▶ **RECORDS SUPPLIED**:
━━━━━━━━
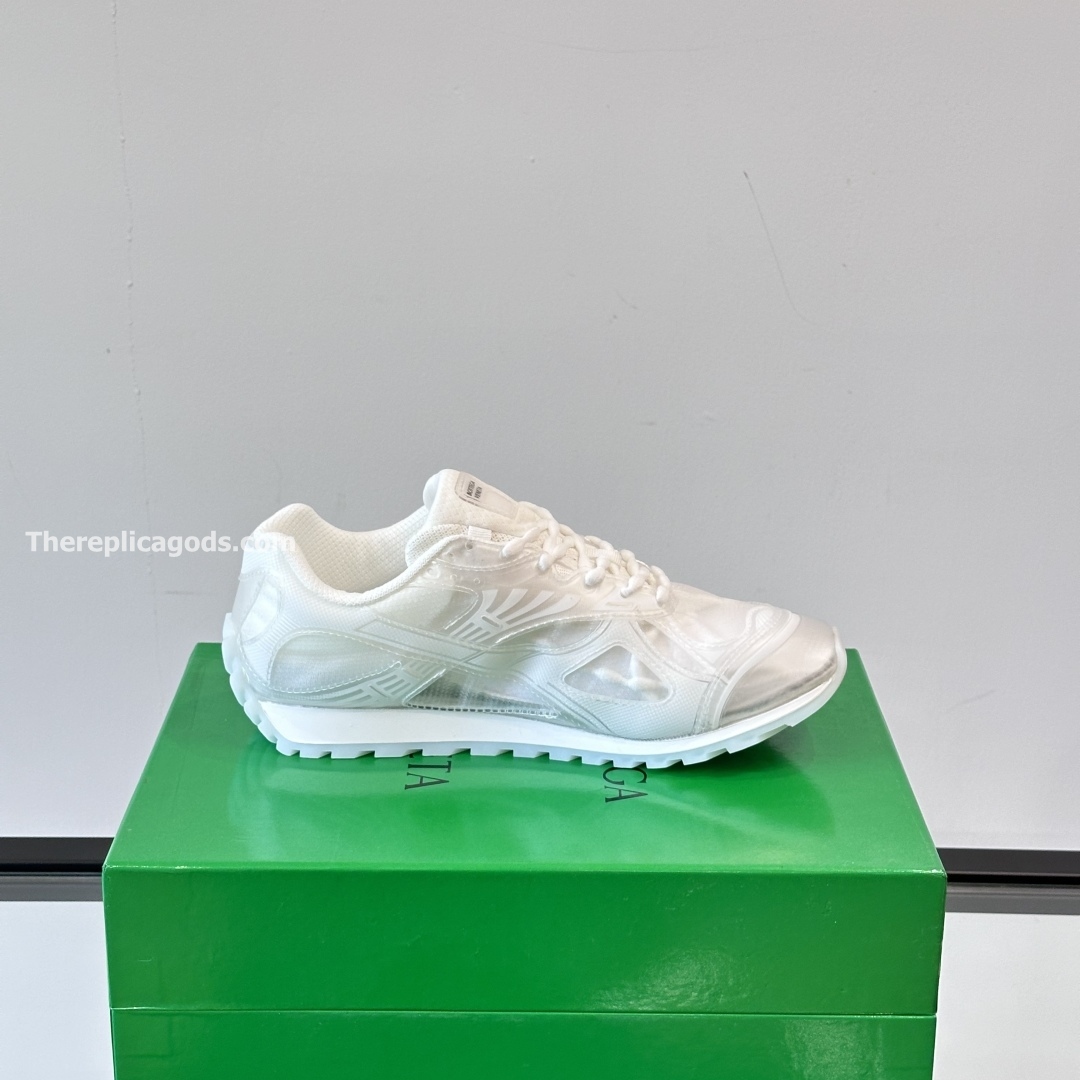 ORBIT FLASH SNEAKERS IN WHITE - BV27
━━━━━━━━
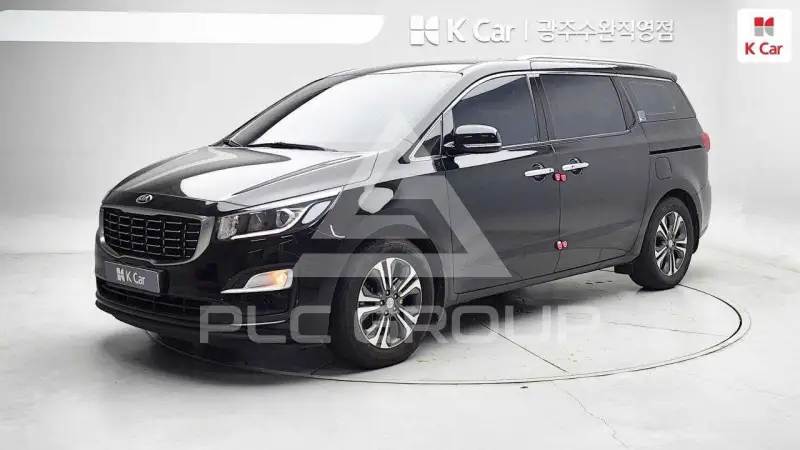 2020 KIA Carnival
━━━━━━━━
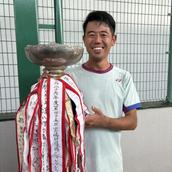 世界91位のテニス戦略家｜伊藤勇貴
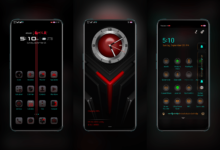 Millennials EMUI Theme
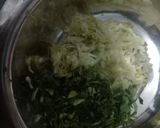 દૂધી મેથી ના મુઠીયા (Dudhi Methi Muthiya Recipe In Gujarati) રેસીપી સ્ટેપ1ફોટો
━━━━━━━━
Beginning at the line above that contains "Millennials EMUI Theme" and going on through the line that contains "દૂધી મેથી ના", please copy every line exactly, leaving the pictures out and adding nothing.

 Millennials EMUI Theme
 દૂધી મેથી ના મુઠીયા (Dudhi Methi Muthiya Recipe In Gujarati) રેસીપી સ્ટેપ1ફોટો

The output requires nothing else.